First in September, then again in November, a self-replicating malware campaign burrowed into the npm registry, hijacking legitimate packages, stealing credentials at scale, and autonomously backdooring hundreds of libraries used by millions of developers. Unlike static typosquatting or phishing-style malware, Shai-Hulud was alive. It propagated, adapted, and persisted using the very infrastructure developers trust.

This article outlines the story of Shai-Hulud V1 and V2: how they worked, why they succeeded, how the community responded, and what this means for the future of software supply chain security.

The First Worm (September 2025)

Discovery and Initial Impact

On September 15, 2025, researchers at ReversingLabs identified a disturbing new pattern in the npm ecosystem.
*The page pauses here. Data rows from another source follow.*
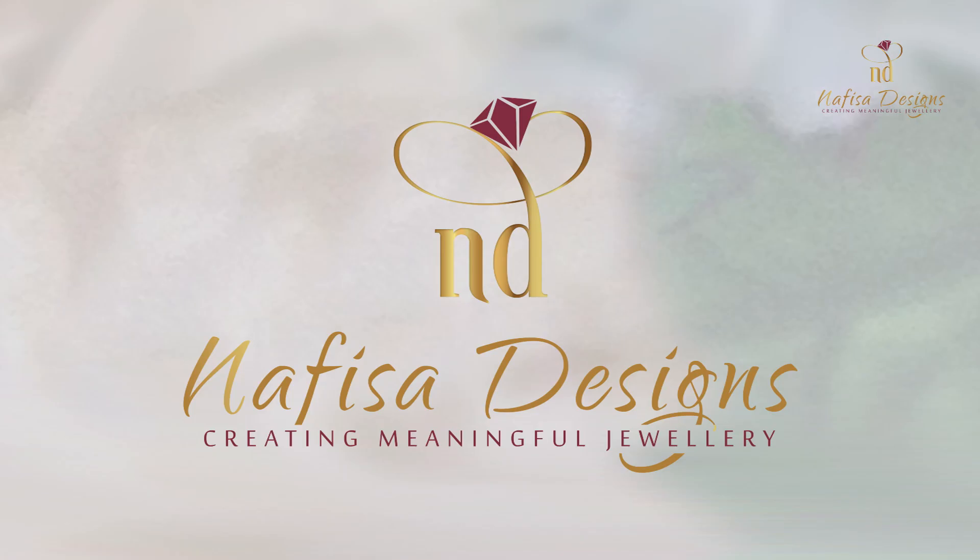Hello and welcome to Nafisa Designs, jewelry designers and gemstone experts in Kuwait. I'm Nafisa Idris, the founder of Nafisa Designs, and today we are going to talk all about Tavis. Many of you come to the boutique and ask me a lot of questions about Tavis and lockets, so I'm making this brief video and I hope it helps.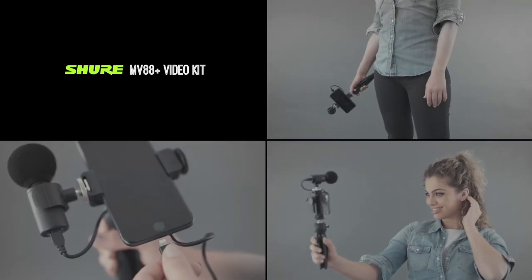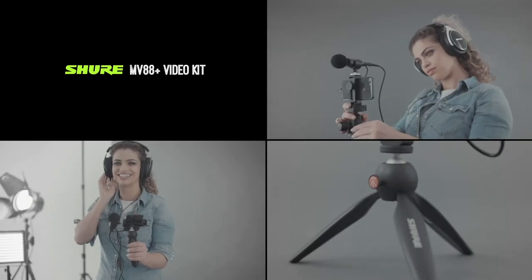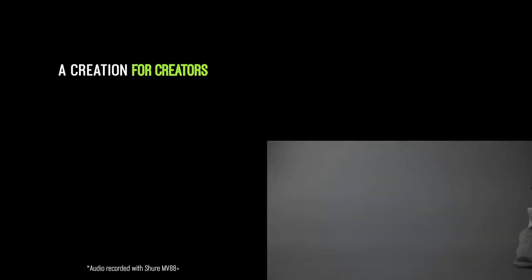Your new mobile recording rig directly connects to any Apple device via a lightning connector or via USB-C to select additional devices. See shure.com/Motiv-compatibility for details. The MV88 Plus Video Kit is a creation for creators. Just add phone.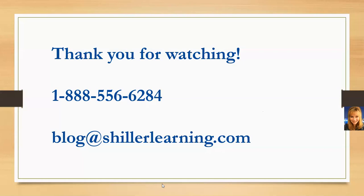And that is going to conclude our session for today. I hope you'll join us again next week at 2 on Tuesday.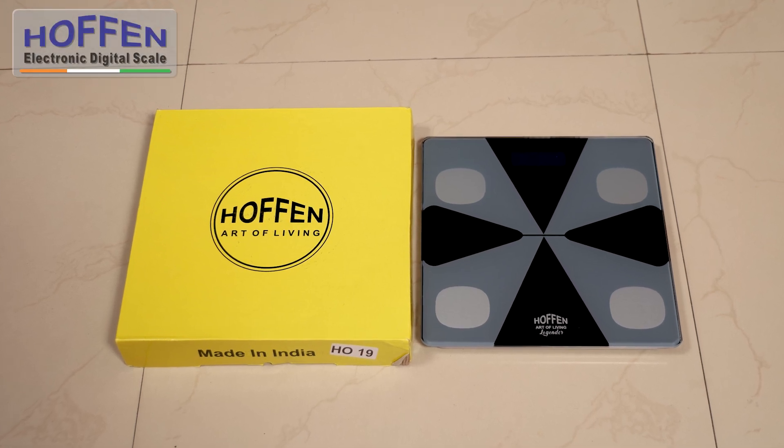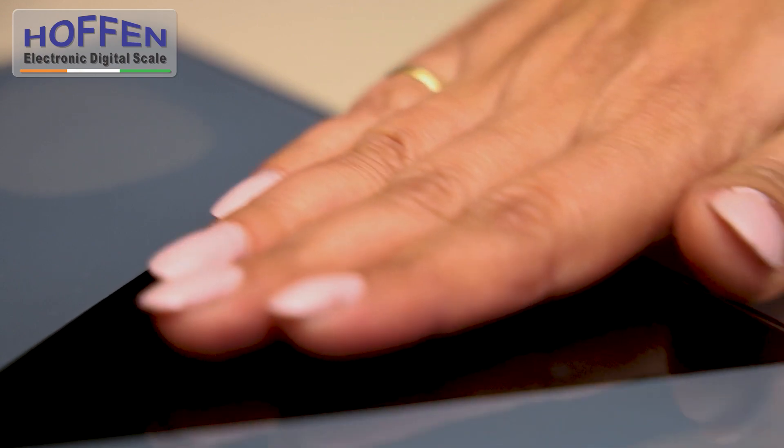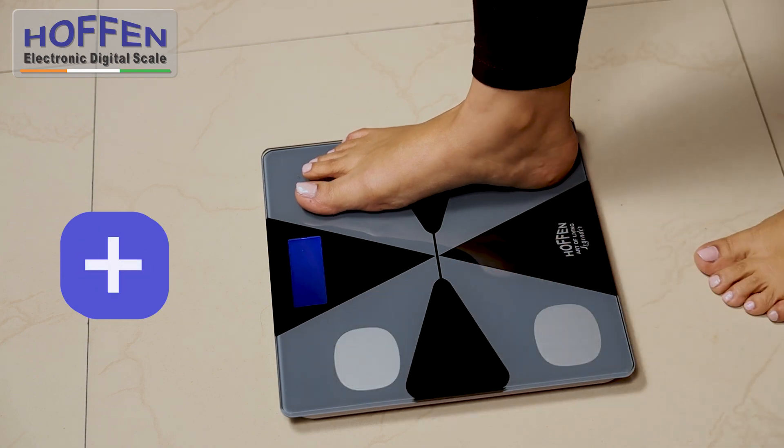Introducing the Made in India Hoffman HO-19 Legendal Series — the simple, easy and reliable way to monitor your weight at home, office, gym or a clinic.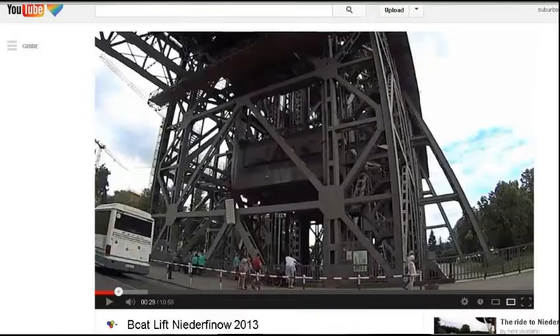This was sent to me by Clash230 and was also a video by his friend Henry Korgin. This is a German boat lift — the Niederfennow boat lift. It's a really cool boat lift, about 10 stories high. It takes a boat, barge, or anything like that from a lower position of a canal to a higher position, which is about 36 meters high.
This attack compromised widely used libraries such as @ctrl/tinycolor, ngx-bootstrap, and ng2-file-upload, projects with millions of weekly downloads. Within a few days, over 200 packages and 500 versions had been backdoored, igniting a chain reaction across the npm dependency graph.

The malware was given the name Shai-Hulud, after a suspicious GitHub repository tied to the earliest infections. Its design departed sharply from prior npm threats. This was not a one-off payload, but a self-replicating worm capable of hijacking maintainers’ identities and spreading autonomously.

Infection Mechanism and Credential Theft

Shai-Hulud V1 infected packages by injecting a postinstall script into the package.json file. When a developer or CI/CD system ran npm install, the script would execute bundle.js after the package installation completed. This payload was compact but effective. It scanned the local filesystem for npm tokens in .npmrc, GitHub personal access tokens in environment variables, and cloud credentials in standard configuration files.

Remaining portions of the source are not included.